There is often an assumption that bookkeepers and accountants are much of a muchness, they both perform the same duties & tasks for your business, the books! This is not the case. Understanding the difference between the roles & responsibilities of Bookkeepers vs Accountants can be extremely beneficial, and allow you to take advantage of what they can each add to your business.
What does a Bookkeeper do?
The bookkeeper records daily financial transactions in a reliable & dependable manner. Bookkeeping is the stepping stone of accounting and is a fundamental aspect to the smooth running & overall financial viability of a business.

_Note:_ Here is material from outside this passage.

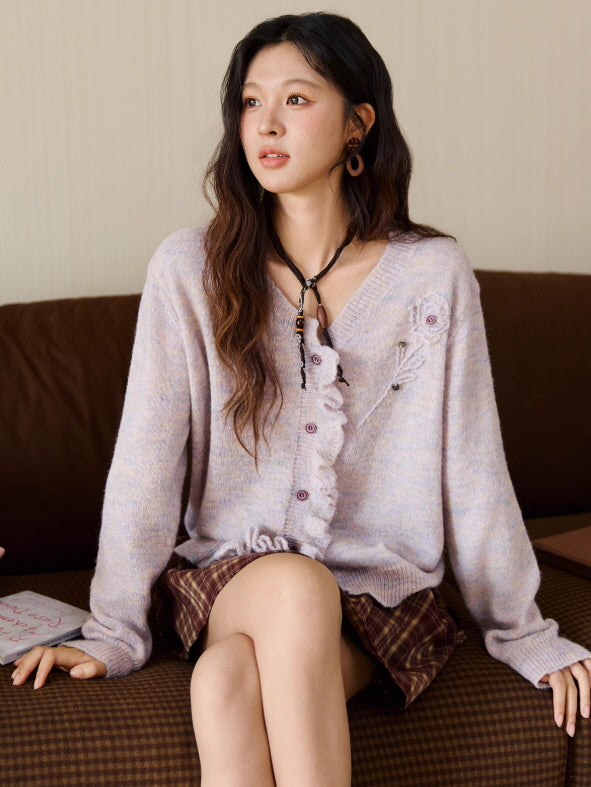 Romantic Ruffle Floral Embroidered Cardigan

Common tasks performed by a bookkeeper include:
- Bank & Credit Card Reconciliations
- Purchases, receipts, sales & payments
- Managing payroll
- Processing of invoices
- Debtor & Creditor management
- Management of cashflow
- Payroll Tax payments & reconciliation
- Superannuation payments & reconciliation
- BAS & IAS preparation and lodgement
- Prepares reliable reports for Accountants
What does an Accountant do?
The accountant looks at the big picture and verifies the information provided by the bookkeeper for a specific accounting period. They offer high level financial & taxation advice. Accountants are more focused on analysing and reporting on financial data which can be easily interpreted by owners & investors etc.
Common tasks performed by an accountant include:
- Prepare adjusting entries
- Calculate depreciation
- Preparation of financial statements
- Preparation and lodgement of Tax returns
- Financial forecasting
- Strategic tax planning
- Bring key financial indicators together
All in all, bookkeepers and accountants share common goals, and both parties contribute differently to the long term financial success of a business, at varying stages of the financial cycle. Bookkeeping is a platform to accounting. Whilst the two professions remain inseparable it is important to gauge and differentiate the different roles both the bookkeeper and accountant play in your business.